As I promised awhile ago, I am going to try to detail the backgrounds of some of the more interesting peopl I have met in this program. Today it will be B2 (not to be confused with B, the previously mentioned Greek guy), a 30 year old native of Zimbabwe of British origin. His mother and father were from Ireland and northeastern England respectively. In his words, 'probably saw the same commercial on TV' in the 1960s and both headed to Zambia, still part of the British empire, looking for adventure of various sorts and better financial prospects and material comforts than they were liable to receive at home. Mom was a nurse by profession; Dad a mining engineer (read: skilled miner). They met and quickly married. A honeymoon spent in the comparatively metropolitan Zimbabwe convinced them to move to Harare, where mom left the workforce and Dad switched from copper mining to asbestos. (Noting my visibly horrified response to this, B2 informed that there are two types of asbestos, and one of them 'is quite safe.' Is this true? Anyone?) They had two children, B2 the youngest, who despite the parents' devout Catholicism were educated at fancy Anglican schools. 'Our exams were marked in Cambridge,' B2 noted with pride.
These were boarding schools, and apparently not much fun. It was here that the brothers discovered weekend retreats run by a Charismatic Pentecostal congregation.. Compared to their normal environment, these were apparently a blast, and both brothers were succesfully evangelized to in short order.
After high school, B2 read psychology in South Africa at the University of Cape Town. Like most educated Africans, he graduated with little or no job prospects. While waiting tables at a waterfront Italian restaurant and praying for divine guidance, he decided to move to Singapore and work as an English teacher.
According to him, most of his students were women from Korea, Thailand or Indonesia with some sort of guestworker or refugee visas.
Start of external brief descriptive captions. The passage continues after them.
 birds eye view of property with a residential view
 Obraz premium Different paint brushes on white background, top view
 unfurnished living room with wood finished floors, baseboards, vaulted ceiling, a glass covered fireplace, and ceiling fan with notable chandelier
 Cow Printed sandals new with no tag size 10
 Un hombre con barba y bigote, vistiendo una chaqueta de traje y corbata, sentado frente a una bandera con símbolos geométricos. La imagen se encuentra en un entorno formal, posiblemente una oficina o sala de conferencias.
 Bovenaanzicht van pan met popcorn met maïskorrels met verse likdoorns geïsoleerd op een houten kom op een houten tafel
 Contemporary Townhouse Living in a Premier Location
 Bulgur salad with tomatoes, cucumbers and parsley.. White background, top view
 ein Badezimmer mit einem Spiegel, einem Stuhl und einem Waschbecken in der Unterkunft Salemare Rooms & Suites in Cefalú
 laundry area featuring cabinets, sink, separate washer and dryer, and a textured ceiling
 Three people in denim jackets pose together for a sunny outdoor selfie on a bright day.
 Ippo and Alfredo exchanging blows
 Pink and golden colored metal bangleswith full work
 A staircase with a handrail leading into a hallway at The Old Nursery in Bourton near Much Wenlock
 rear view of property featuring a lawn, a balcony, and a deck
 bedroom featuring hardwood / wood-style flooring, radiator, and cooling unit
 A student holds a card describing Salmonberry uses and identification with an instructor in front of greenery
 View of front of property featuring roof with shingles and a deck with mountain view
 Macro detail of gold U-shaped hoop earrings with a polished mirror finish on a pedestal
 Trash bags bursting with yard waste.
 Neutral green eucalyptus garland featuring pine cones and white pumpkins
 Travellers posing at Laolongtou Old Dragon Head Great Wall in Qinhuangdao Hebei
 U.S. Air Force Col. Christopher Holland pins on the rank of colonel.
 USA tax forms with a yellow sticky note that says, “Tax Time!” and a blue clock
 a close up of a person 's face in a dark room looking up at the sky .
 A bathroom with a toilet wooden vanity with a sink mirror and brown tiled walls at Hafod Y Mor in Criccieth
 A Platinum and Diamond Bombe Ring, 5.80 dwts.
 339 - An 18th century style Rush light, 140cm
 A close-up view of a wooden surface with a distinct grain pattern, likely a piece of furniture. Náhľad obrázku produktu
Most, according to him, were primarıly interested in locating a husband from either a comparatively wealthy Asian country, or somewhere in rıch white people land. B2 fell into the latter category, and was apparently innundated with offers of varying degrees of seediness. All of them, being apparently sincere in the belief system he ascribes to, he declined. Instead he married a Filipina woman he met through his church. They moved for awhile to the Phillipines (where, like in Latin America, the Pentecostals are taking over lock, stock and barrel from the Catholics), where he learned Tagolog and she learned to drive and, judging from his pictures, they played a lot of water sports.
But I guess their life there wasn't sustainable for a variety of reasons, because they followed some Sıngaporean contacts to Istanbul, where they are now settling in, looking for work, and enrolled in the same program as I. I suspect they will end up teaching English, but who knows.
The parents, if you were wondering, left Zimbabwe a few years ago (big surprise) and are now living in Ireland, somewhere rural that I can't remember.
Now, here's what I find interesting about this guy. Pentecostals are obligated to prosthelytize, right? But to do so in Turkey is illegal. I asked him about this as gently as I could, and his answer seemed to indicate that he was middling at best on the witnessing issue, and considered it rude to be otherwise. What is going on here? Are quasi-European evangelicals much more laid back than their American counterparts? Are some evangelicals a lot less evangelical than others? Most importantly, ıf so, am I a dick for not figuring that out on my own?